ITEM 1.  SUBJECT COMPANY INFORMATION.

     The name of the subject company to which this
Solicitation/Recommendation Statement on Schedule 14D-9 (the
"Schedule 14D-9") relates is Cucos Inc., a Louisiana corporation
(the "Company").  The address of the principal executive office
of the Company is 110 Veterans Boulevard, Metairie, Louisiana
70005.  The telephone number of the principal executive office of
the Company is (504) 835-0306.

     The title of the class of equity securities to which this
Schedule 14D-9 relates is the common stock, no par value (the
"Shares"), of the Company.  As of July 1, 2000, there were
2,663,605 Shares outstanding.

ITEM 2.  IDENTITY AND BACKGROUND OF FILING PERSON.
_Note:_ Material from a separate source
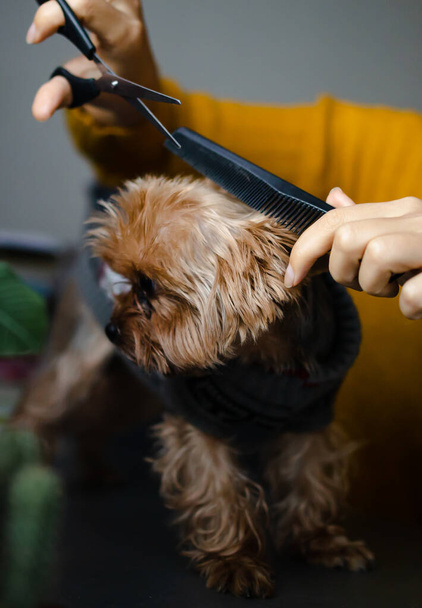 Dog gets hair cut at Pet Spa Grooming Salon. Closeup of Dog. the dog has a haircut. comb the hair. groomer concept. - Photo, Image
     The name, business address and business telephone number of
the Company, which is the person filing this Schedule 14D-9, are
set forth in Item 1. above.

     This Schedule 14D-9 relates to the tender offer by
Jacksonville Restaurant Acquisition Corp., a Delaware corporation
(the "Purchaser"), disclosed in a Tender Offer Statement on
Schedule TO (as amended or supplemented from time to time, the
"Schedule TO"), dated July 14, 2000, to purchase up to 1,200,000
of the outstanding Shares at a purchase price of $1.00 per share,
net to the seller in cash, upon the terms and subject to the
conditions set forth in the Offer to Purchase, dated July 14,
2000 (the "Offer to Purchase"), and in the related Letter of
Transmittal (the "Letter of Transmittal," which, together with
the Offer to Purchase, as each may be amended or supplemented
from time to time, collectively constitute the "Offer").  If the
full 1,200,000 Shares are tendered in the Offer, then the
Purchaser will hold (together with 400,000 shares of the
Company's Series A Preferred Stock, no par value per share,
currently held by the Purchaser and which are presently
convertible into 400,000 Shares) approximately 52% of the voting
power of the Company.

     The Schedule TO states that the principal executive office
of the Purchaser is located at 2211 Brighton Bay Trail,
Jacksonville, Florida 32246.

ITEM 3.  PAST CONTACTS, TRANSACTIONS, NEGOTIATIONS AND
AGREEMENTS.

     As of the date of this Schedule 14D-9, there exists no
material agreement, arrangement or understanding or any actual or
potential conflict of interest between the Company or its
affiliates and (1) the Company's executive officers, directors or
affiliates or (2) the Purchaser or its executive officers,
directors or affiliates, except

-    Agreements between the Company and the Purchaser discussed
     in Section 12 - "Background of the Offer; Past Contacts or
     Negotiations with the Company" of the Schedule TO (and attached
     hereto as Exhibits (e)(2), (3) and (4));

-    James W. Osborn is the President, Chief Executive Officer
     and a director and shareholder of both the Company and the
     Purchaser; and

-    Calvin Cox, a director of the Company, is also an officer,
     director and shareholder of the Purchaser.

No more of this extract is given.